Input material:
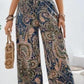 Pantalon large à imprimé cachemire bohème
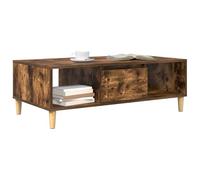HOMELEN Table basse moderne en chêne avec étagères en bois de chêne fumé 102 x 55 x 35 cm Table de salon avec espace de rangement Portes rabattables pour petits espaces Tables et tables basses
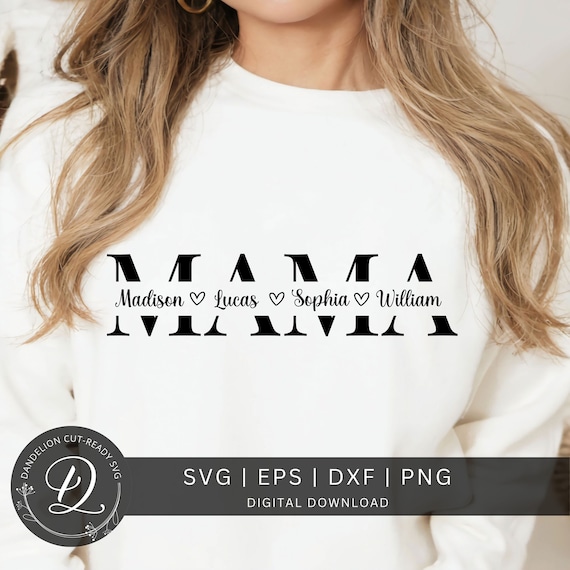 Mama SVG, Mother's Day Gift SVG, Mama Split Name Frame Svg, Mama Cut File, Mom Outline, Mama Png, Mama Monogram Svg, Mama Cricut Svg file.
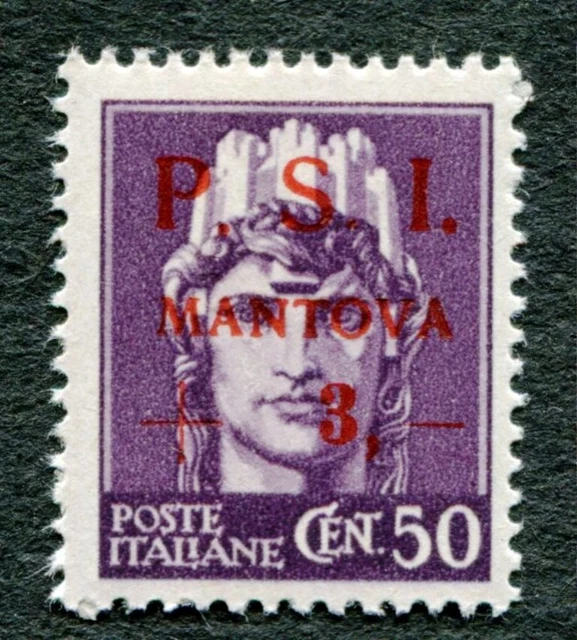 PSI MANTOVA 50c Italy - FIRST CITY ISSUE after FALL OF FASCISM, MNH/OG 1945 (54)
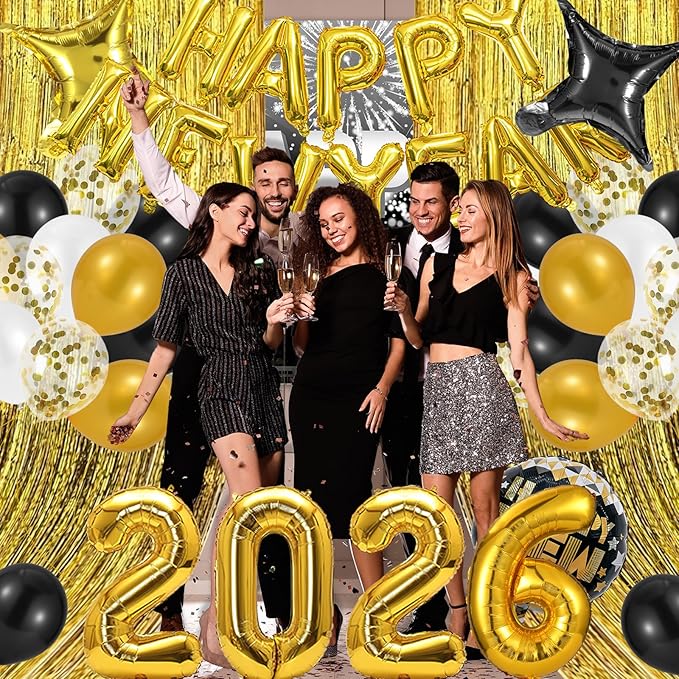 Happy New Year Party Decoration, 2026 Happy New Year Foil Balloon Banner and Metallic Curtains Photography Backdrops Party Decorations for NYE Party Supplies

Task directions: Make an exact copy of the listing. Do not carry over its pictures.

Result of this exercise:
 Pantalon large à imprimé cachemire bohème
HOMELEN Table basse moderne en chêne avec étagères en bois de chêne fumé 102 x 55 x 35 cm Table de salon avec espace de rangement Portes rabattables pour petits espaces Tables et tables basses
 Mama SVG, Mother's Day Gift SVG, Mama Split Name Frame Svg, Mama Cut File, Mom Outline, Mama Png, Mama Monogram Svg, Mama Cricut Svg file.
 PSI MANTOVA 50c Italy - FIRST CITY ISSUE after FALL OF FASCISM, MNH/OG 1945 (54)
 Happy New Year Party Decoration, 2026 Happy New Year Foil Balloon Banner and Metallic Curtains Photography Backdrops Party Decorations for NYE Party Supplies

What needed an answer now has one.